Очевидно, придавая особое значение этому заключительному письму, Брехт продублировал его. В «деле» подшита копия, отличающаяся лишь припиской, сделанной Брехтом от руки: «Я отослал это письмо авиапочтой. Копию доставит Вам товарищ Максимов, который во время поездки был чрезвычайно предупредителен к нам».

Вот что, коротко говоря, содержалось в первой папке.

Пусть читатель простит мне почти хроникерскую сухость обзора. Но это еще не само повествование, а своего рода предыстория.

Содержимое двух других папок в основном отвечало сделанному на них обозначению — «Переписка Б. Брехта с М. Штеффин…» Хотя в виде исключения попадались и письма третьих лиц, судя по всему, пересылавшиеся Брехтом — для сведения — своей корреспондентке.

Всего в этих двух папках находилось несколько десятков писем Б. Брехта и черновых или чистовых копий с обращением к нему М. Штеффин. Писано это было чаще всего на особой тонкой бумаге то на машинке, то от руки. Иногда на многих страницах.

Это была не обычная почтовая бумага. Такой ни раньше, ни потом, кроме как в переписке Брехта, я не видел. Она была легкой, как папиросная, и хрустящей, прочной. На манер тончайшего пергамента. Но у нее была достаточно податливая и упругая поверхность, чтобы удобно было писать любыми карандашами, чернилами и на машинке. Она мялась, но не рвалась. И она почти ничего не весила.

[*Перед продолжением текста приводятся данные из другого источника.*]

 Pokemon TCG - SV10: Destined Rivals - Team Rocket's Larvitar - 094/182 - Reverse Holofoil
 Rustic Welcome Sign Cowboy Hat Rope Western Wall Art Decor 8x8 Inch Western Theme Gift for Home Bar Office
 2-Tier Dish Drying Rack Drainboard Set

Уже сама эта бумага, как потом оказалось, — любопытный штрих времени и даже черточка к психологической характеристике писателя.

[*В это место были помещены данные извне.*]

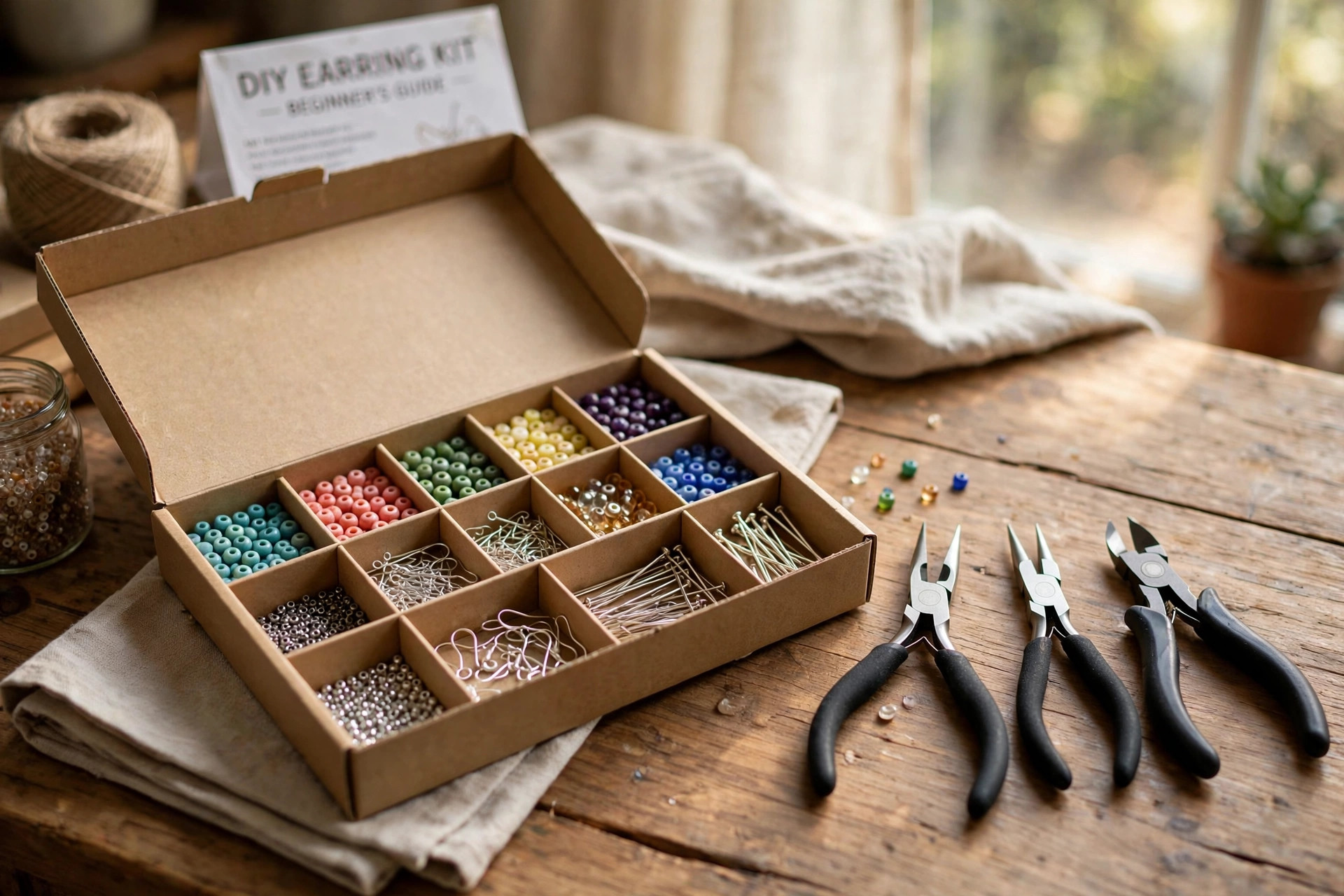 A diy earring kit for jewelry making beginners arranged on a wooden craft table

Как и у многих литераторов, у Брехта был культ бумаги. Сам ее вид давал ему настроение и располагал к работе. Надо было, чтобы поле хотелось засеять письменами. Но Брехт к тому же был и настоящим знатоком писчей бумаги.

Это было у него с юных лет, в какой-то мере наследственным. Его отец был директором бумажной фабрики в баварском городе Аугсбурге.

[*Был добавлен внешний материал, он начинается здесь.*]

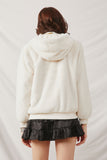 HN4234 Cream Womens Soft Fleece Hooded Zip Up Jacket Back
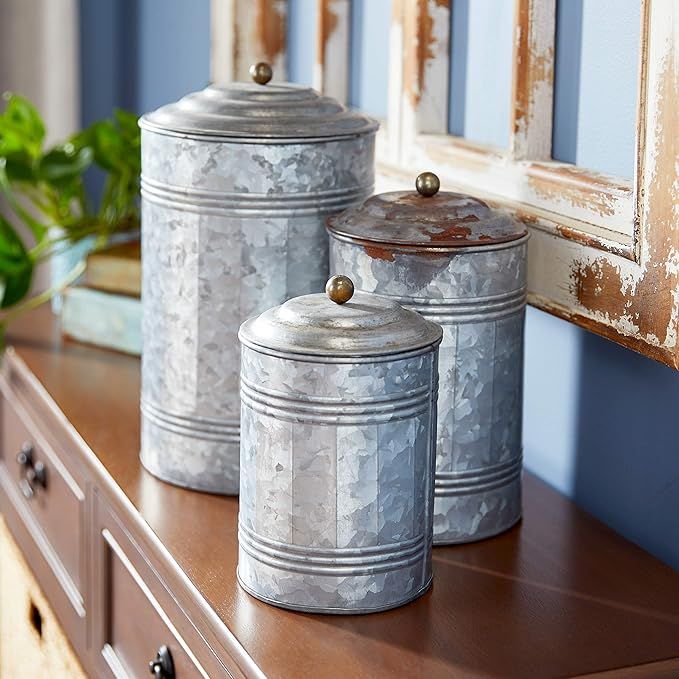 Deco 79 38168 Rustic Metal Farmhouse Galvanized Canisters, Set of 3 Iron Canisters, 7, 9, and 11 ... | Amazon (US)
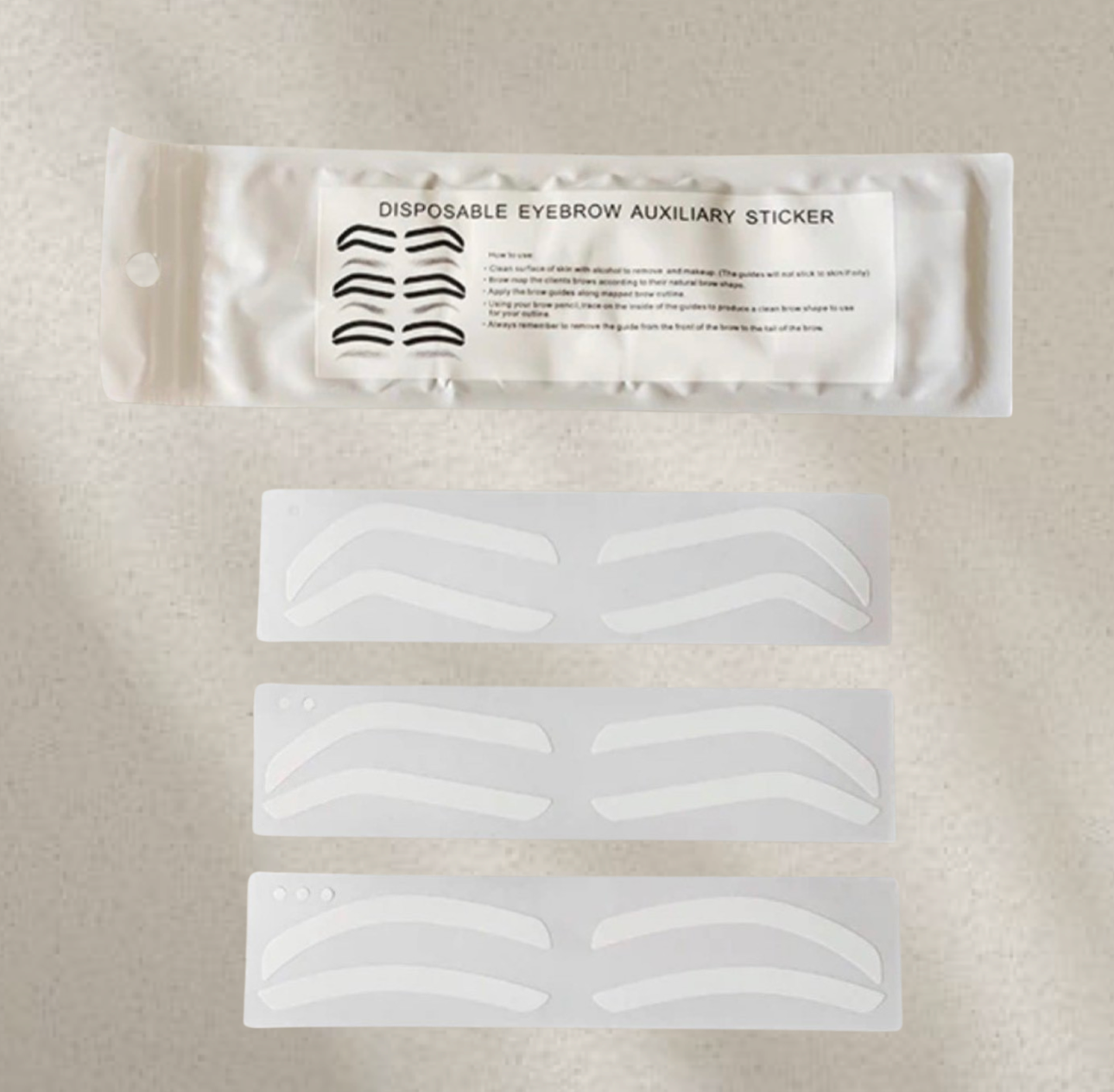 Brow Shaping Stickers - Airbrush Eyebrow Stencil Tape (12 Pieces - 3 Shapes)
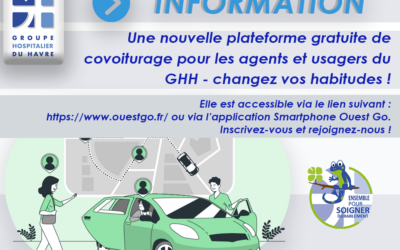 Une nouvelle plateforme gratuite de covoiturage, pour les agents et usagers du GHH – Changez vos habitudes !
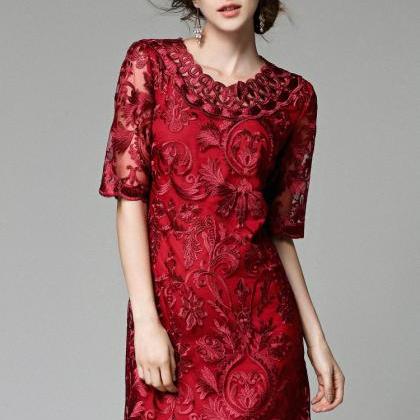 Luxury Designer Embroidery Dress - Red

Но то, что можно было считать более или менее праздным знанием либо писательской причудой, в годы эмиграции обрело вдруг совершенно четкий практический смысл. После захвата власти фашистами в 1933 году Брехту приходилось жить, как он писал в одном из стихотворений, «меняя страны чаще, чем башмаки». При постоянных переездах объем и вес все возраставшего личного архива, в том числе рукописей и переписки, приобретал особую важность.

вернуться

16

В немецком тексте слово «врач» в обоих случаях употреблено в женском роде, что будет иметь значение в дальнейшем повествовании. — Ю. О.

вернуться

17

Хелли — Елена Вайгель, жена Б. Брехта; Барбара и Штеф — дочь и сын писателя.